EXERCISE MATERIALS:
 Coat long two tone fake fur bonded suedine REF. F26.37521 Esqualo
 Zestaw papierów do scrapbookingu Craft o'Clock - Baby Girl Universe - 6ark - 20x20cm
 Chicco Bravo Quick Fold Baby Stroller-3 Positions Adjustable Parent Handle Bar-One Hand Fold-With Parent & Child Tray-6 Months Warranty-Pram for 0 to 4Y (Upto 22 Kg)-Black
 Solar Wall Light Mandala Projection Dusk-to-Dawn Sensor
...
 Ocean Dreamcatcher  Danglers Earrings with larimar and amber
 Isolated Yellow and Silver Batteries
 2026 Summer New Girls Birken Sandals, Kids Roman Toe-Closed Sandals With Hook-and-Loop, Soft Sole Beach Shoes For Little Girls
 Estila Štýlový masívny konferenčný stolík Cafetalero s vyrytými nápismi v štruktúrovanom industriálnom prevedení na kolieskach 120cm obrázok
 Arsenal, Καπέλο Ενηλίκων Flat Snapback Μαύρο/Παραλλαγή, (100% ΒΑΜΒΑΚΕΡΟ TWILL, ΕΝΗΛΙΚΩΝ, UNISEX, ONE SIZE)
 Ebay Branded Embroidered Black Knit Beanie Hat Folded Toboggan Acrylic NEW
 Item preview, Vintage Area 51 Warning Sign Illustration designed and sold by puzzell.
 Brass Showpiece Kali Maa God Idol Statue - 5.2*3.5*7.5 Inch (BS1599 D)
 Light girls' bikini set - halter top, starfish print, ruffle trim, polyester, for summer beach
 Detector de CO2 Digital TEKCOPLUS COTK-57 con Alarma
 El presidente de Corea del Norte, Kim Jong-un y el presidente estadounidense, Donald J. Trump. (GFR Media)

WORK INSTRUCTIONS:
Your answer should be the lines of the listing above between the line holding "Coat long two" and the line holding "Solar Wall Light", inclusive, restated word for word and alone.

ANSWER BELOW:
 Coat long two tone fake fur bonded suedine REF. F26.37521 Esqualo
 Zestaw papierów do scrapbookingu Craft o'Clock - Baby Girl Universe - 6ark - 20x20cm
 Chicco Bravo Quick Fold Baby Stroller-3 Positions Adjustable Parent Handle Bar-One Hand Fold-With Parent & Child Tray-6 Months Warranty-Pram for 0 to 4Y (Upto 22 Kg)-Black
 Solar Wall Light Mandala Projection Dusk-to-Dawn Sensor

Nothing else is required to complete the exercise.